What to do: Print exactly the lines below between the line containing "Furman University Purple Text T-Shirt" and the line containing "Lenovo ThinkPlus 65W", counting both of those lines. Leave pictures out.

Input for this task:
□ □ □ □ □ □ □

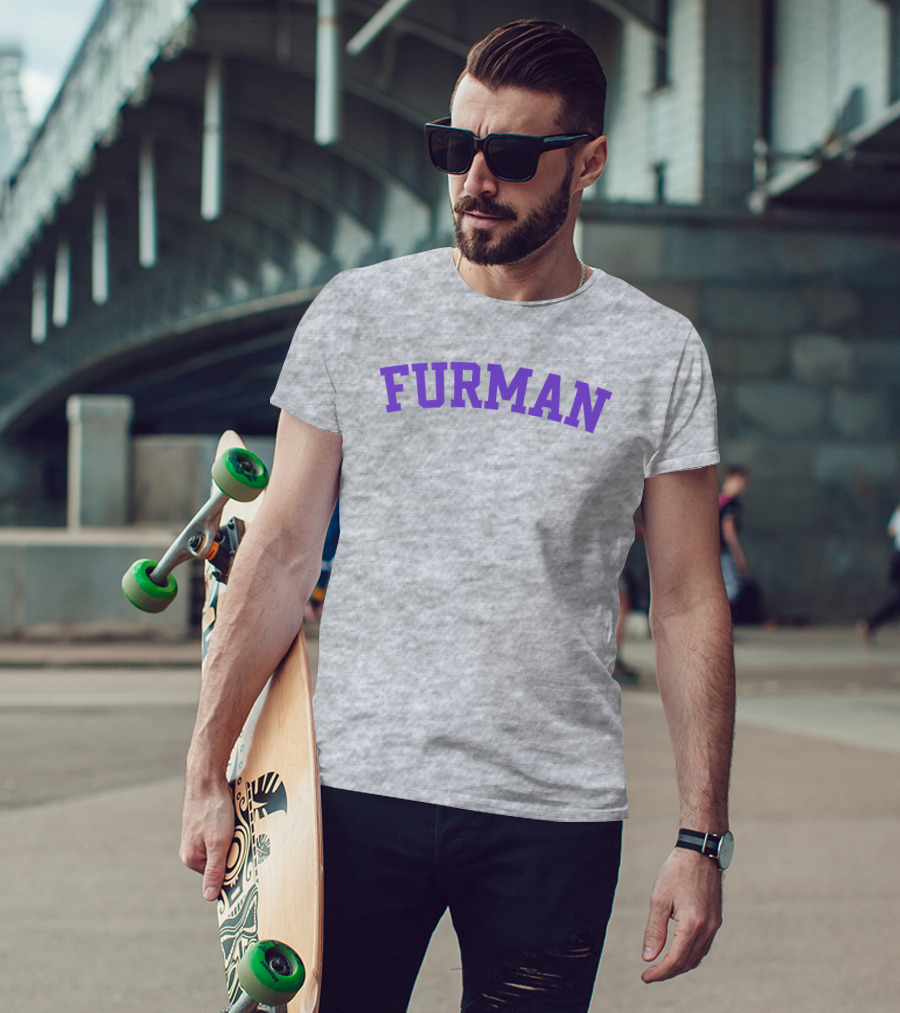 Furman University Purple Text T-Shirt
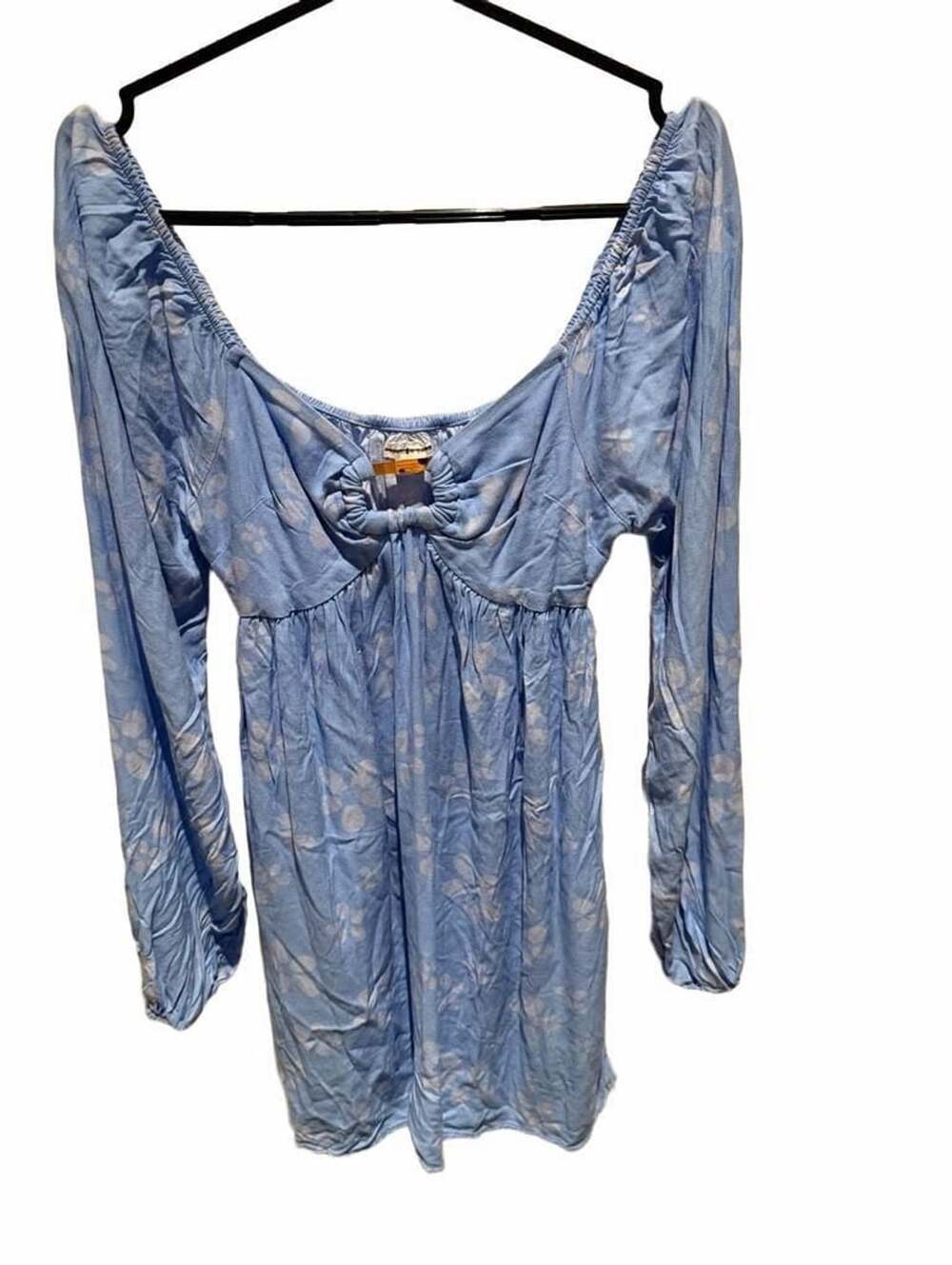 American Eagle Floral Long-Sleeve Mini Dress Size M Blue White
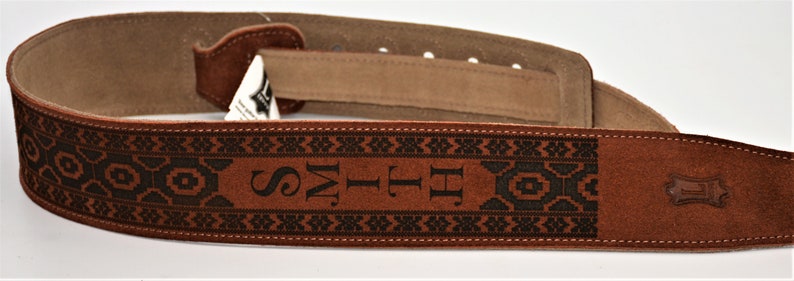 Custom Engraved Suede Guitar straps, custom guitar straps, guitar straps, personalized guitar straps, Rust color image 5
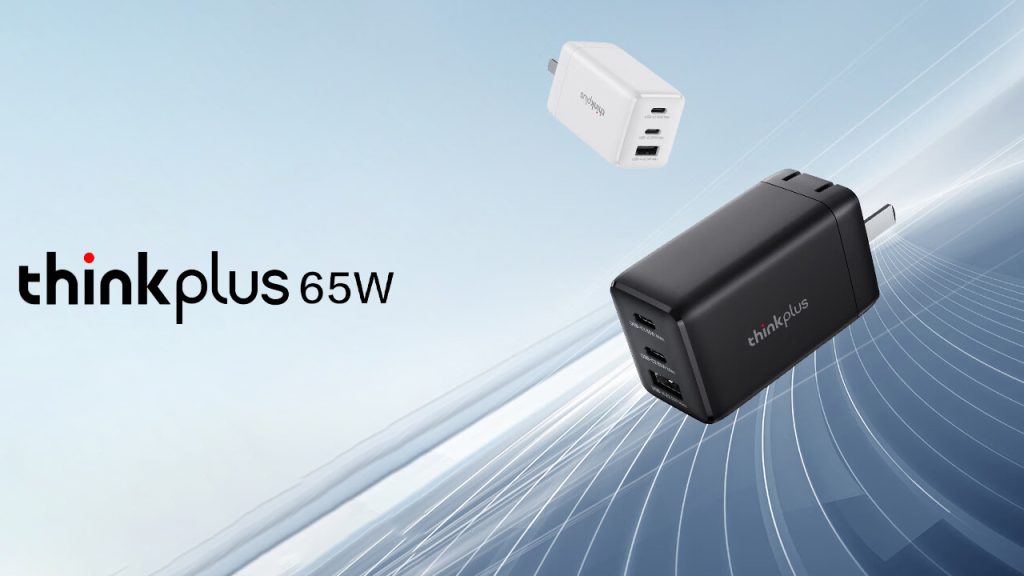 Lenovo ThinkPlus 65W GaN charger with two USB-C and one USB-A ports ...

□ □ □ □ □ □ □

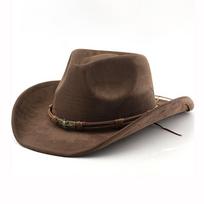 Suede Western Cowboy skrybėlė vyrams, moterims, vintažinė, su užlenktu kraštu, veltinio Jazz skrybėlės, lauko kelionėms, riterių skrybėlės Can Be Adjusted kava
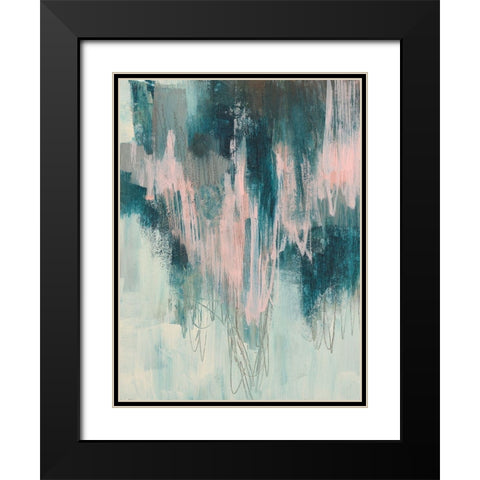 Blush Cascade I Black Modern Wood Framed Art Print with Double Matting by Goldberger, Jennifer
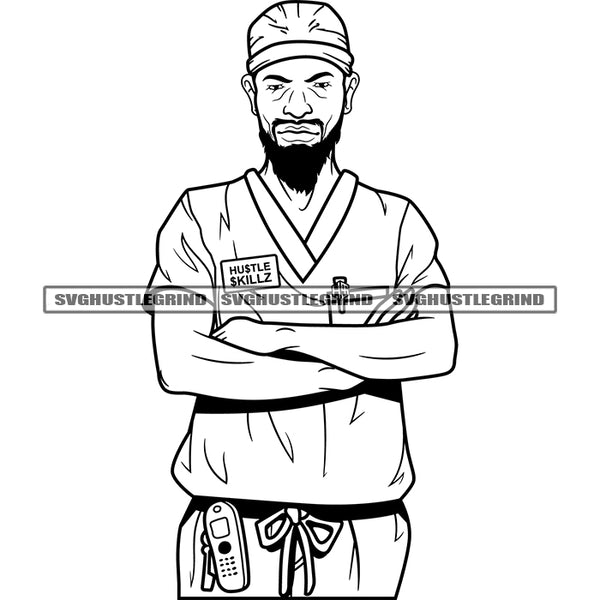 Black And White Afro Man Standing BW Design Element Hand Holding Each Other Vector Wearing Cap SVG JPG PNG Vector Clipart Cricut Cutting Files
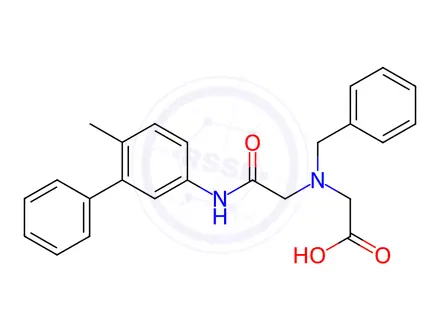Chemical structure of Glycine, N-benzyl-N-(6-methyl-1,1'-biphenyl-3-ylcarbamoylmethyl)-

□ □ □ □ □ □ □

Reply:
 Furman University Purple Text T-Shirt
 American Eagle Floral Long-Sleeve Mini Dress Size M Blue White
 Custom Engraved Suede Guitar straps, custom guitar straps, guitar straps, personalized guitar straps, Rust color image 5
 Lenovo ThinkPlus 65W GaN charger with two USB-C and one USB-A ports ...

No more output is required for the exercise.